Laboratoire d'informatique de l'École polytechnique

Bioinfo/Programming languages seminar - Christian Höner zu Siederdissen

Speaker: Christian Höner zu Siederdissen
Location: Room Philippe Flajolet, Alan Turing building
Date: Thu, 9 Jun 2016, 14:30-15:30

The next speaker of the bioinfo seminar will be Christian Höner zu Siederdissen, visiting us form the notorious BeerInformatics(!) group (PI: Peter Stadler) at Leipzig University (Germany). His presentation (see abstract below) will be at LIX (bat Turing, Ecole Polytechnique), at 2:30 PM in Salle Philippe Flajolet.

Title: Generalized Algebraic Dynamic Programming: Theory and Applications in Bioinformatics, Linguistics, and Medieval History.

Abstract: Dynamic programming (DP) algorithms are pervasive in bioinformatics and linguistics (and more exotic domains) but typically implemented as ``one-shot'' solutions.

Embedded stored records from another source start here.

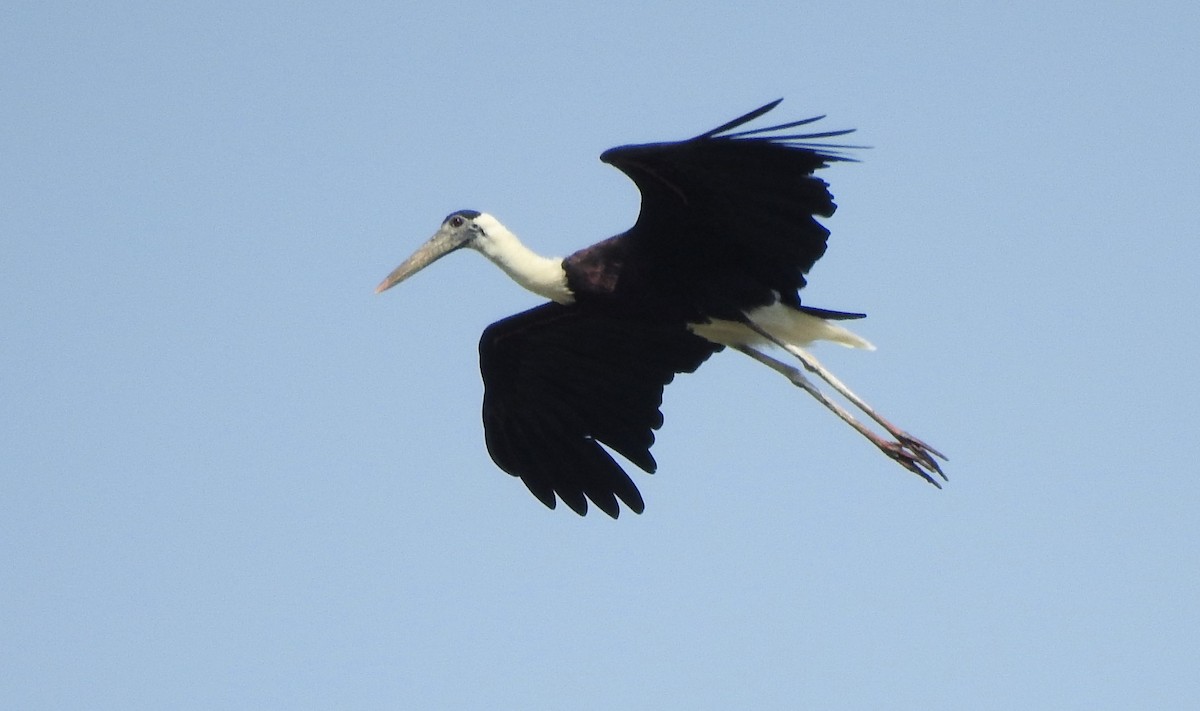 Asian Woolly-necked Stork - ML620496364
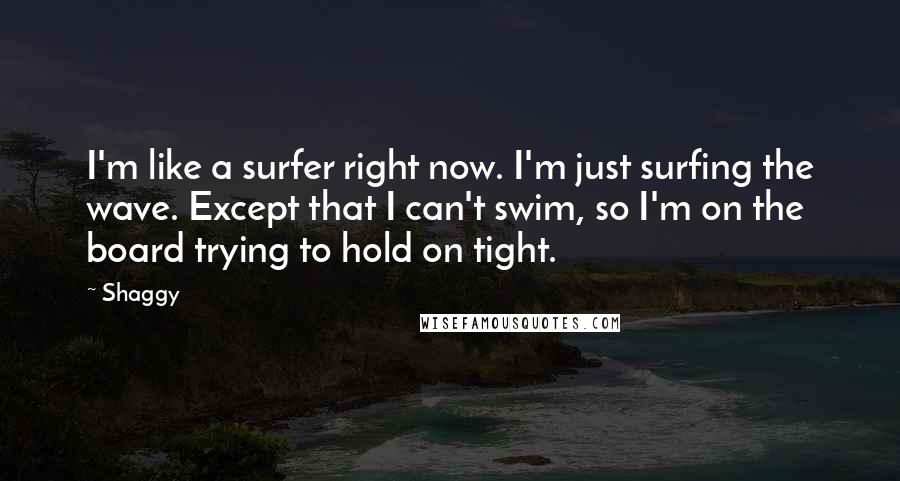 Shaggy Quotes: I'm like a surfer right now. I'm just surfing the wave. Except that I can't swim, so I'm on the board trying to hold on tight.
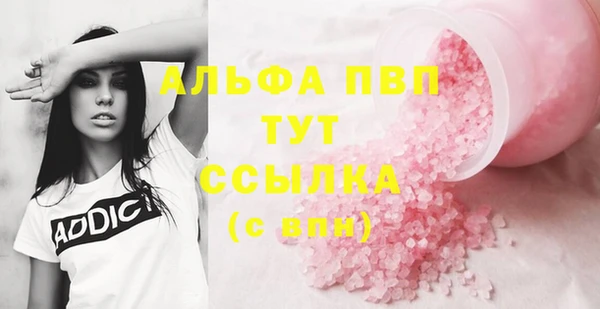 твердый Михайлов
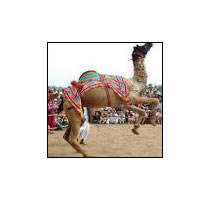 Rajasthan fort and palace tour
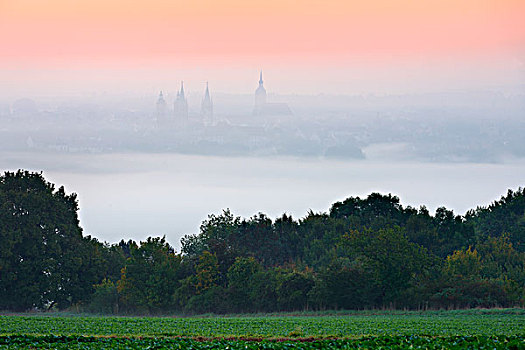 日出,晨雾,山谷,大教堂,后面,萨克森安哈尔特,德国,欧洲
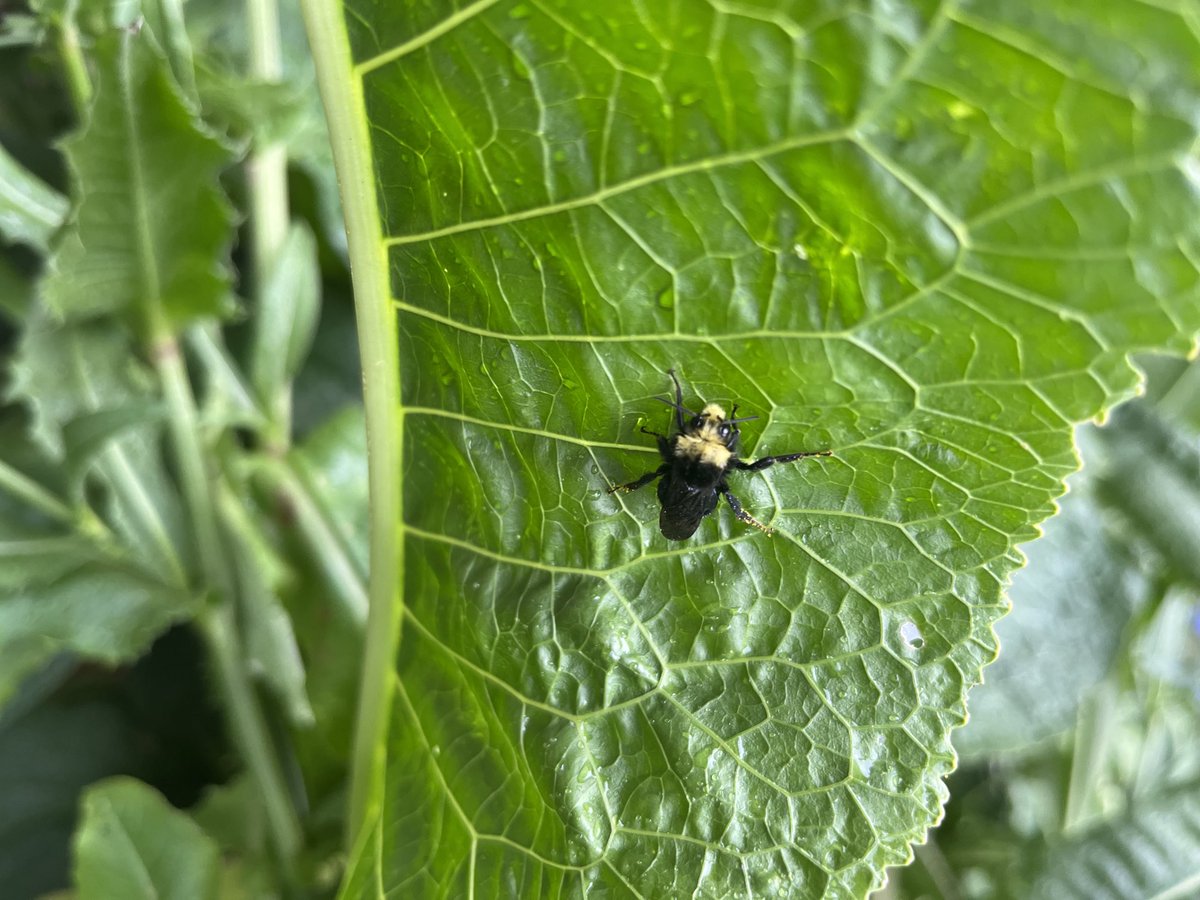 Snoozing on a horseradish leaf in the rain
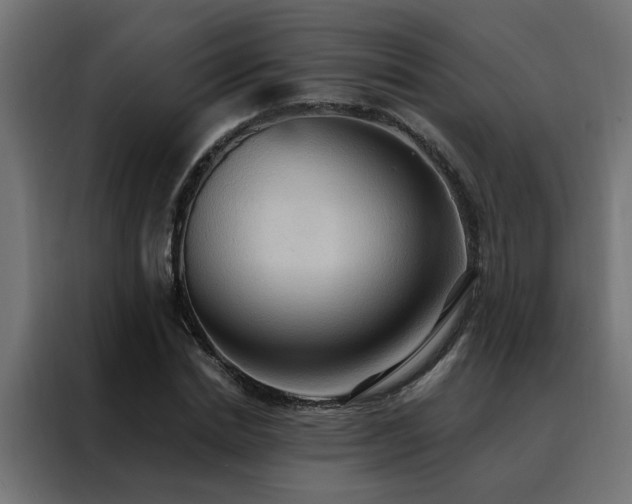 X0000088490830200705221425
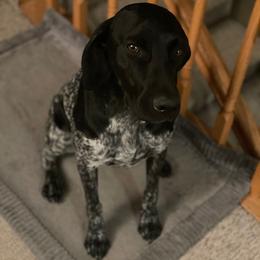 Sage - German Shorthaired Pointer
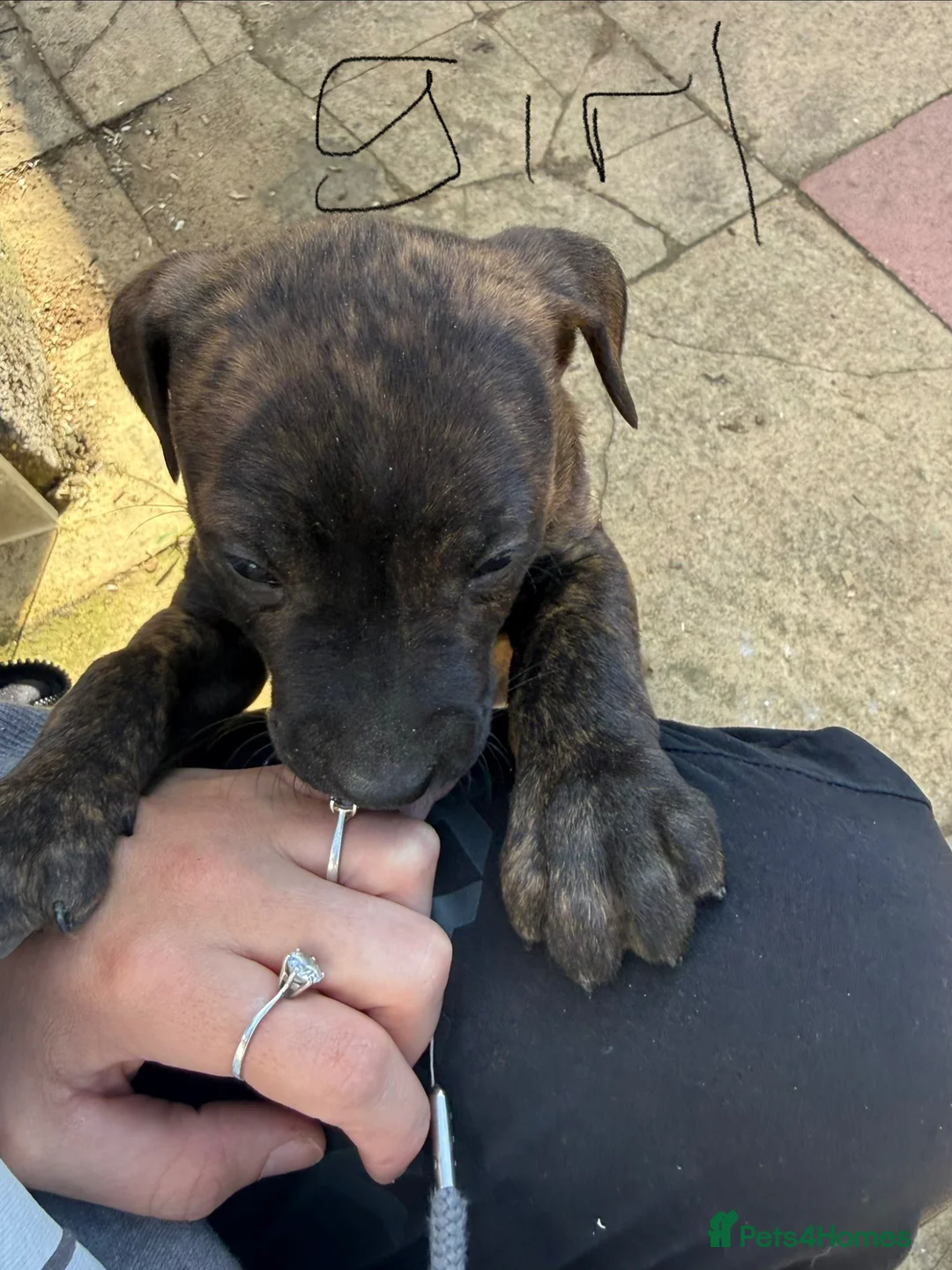Mixed Breed dogs for sale: Cute Doberman cross puppies for sale - Advert 6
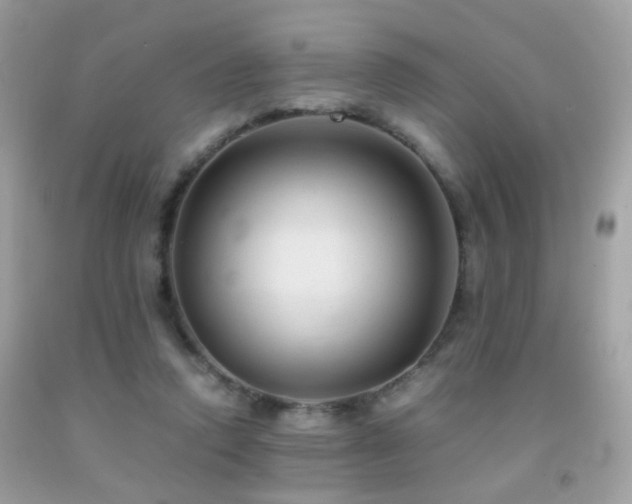 X0000091860354200709051213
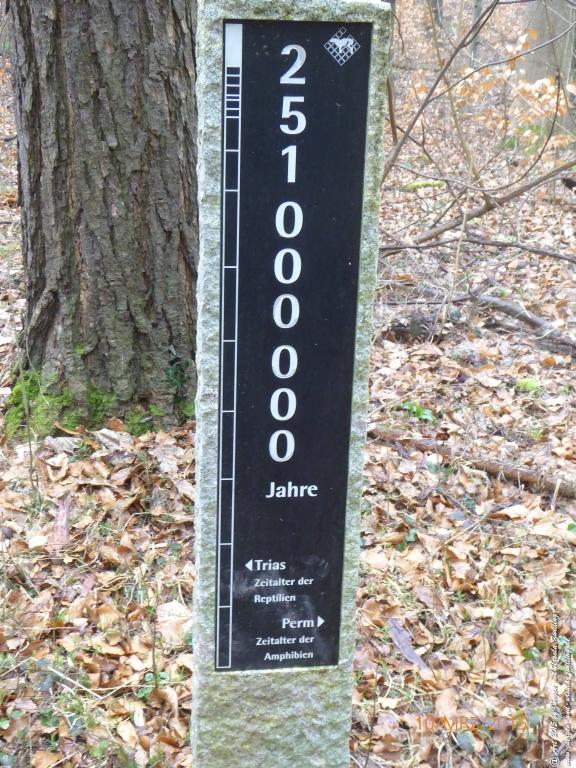 Philosophische BildwanderungÖlschieferweg – Waldwanderung im Süden der Grube Messel - Odenwald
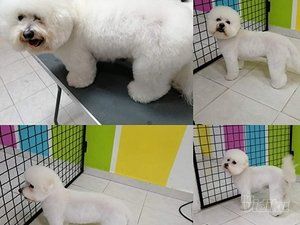 doggy-style-grooming-9ed642-7.jpg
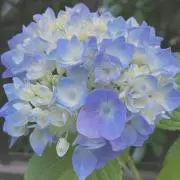 A.M.の画像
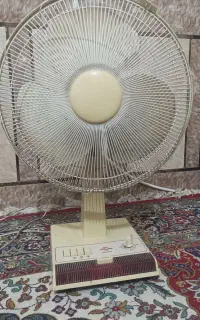 پنکه زمینی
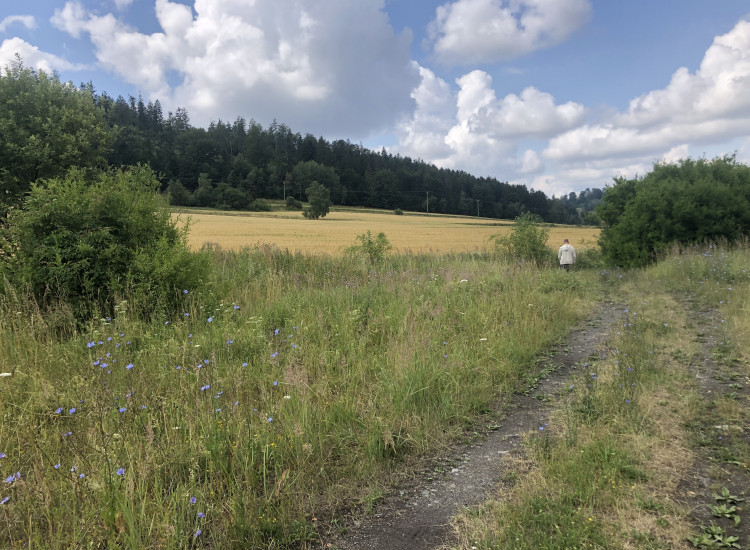 Działka Dzikowiec, Góry Sowie, Srebrna Góra, Nowa Ruda - Bezpośrednio Dzikowiec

In addition to just a growing number of applications, there seems to be a trend towards more complex algorithms as well. We recognize at least these degrees of increasing complexity and certain desiderata to control this complexity:

  1. More refined search spaces which require larger sets of rules to describe. Less ad-hoc ways to design these improve confidence in construction.
  2. The desire to calculate more than just a single optimal result, be it ensemble-style posterior probabilities or classified dynamic programming benefit from automatic code generation.

  3. Many DP algorithms operate on sets, trees, or other non-string data structures. For these more complex structures, both theory and support for implementations are required.

  4. On a more basic level, developers have to deal with writing code that should be free of bugs, maintainable, and sufficiently efficient.

In this talk I will provide a gentle introduction to generalized Algebraic Dynamic Programming, which simplifies design and implementation of dynamic programming algorithms considerably. Users of our system can combine individual algorithms like building blocks, have outside algorithms be derived fully automatically, design algorithms on a multitude of input structures (we currently provide implementations for strings, trees, and sets), and even go beyond context-free grammars.

During the talk I will draw examples from bioinformatics (RNA structure prediction with pseudoknots), linguistics (alignment of parse trees), and computational history (a peek into currently ongoing work).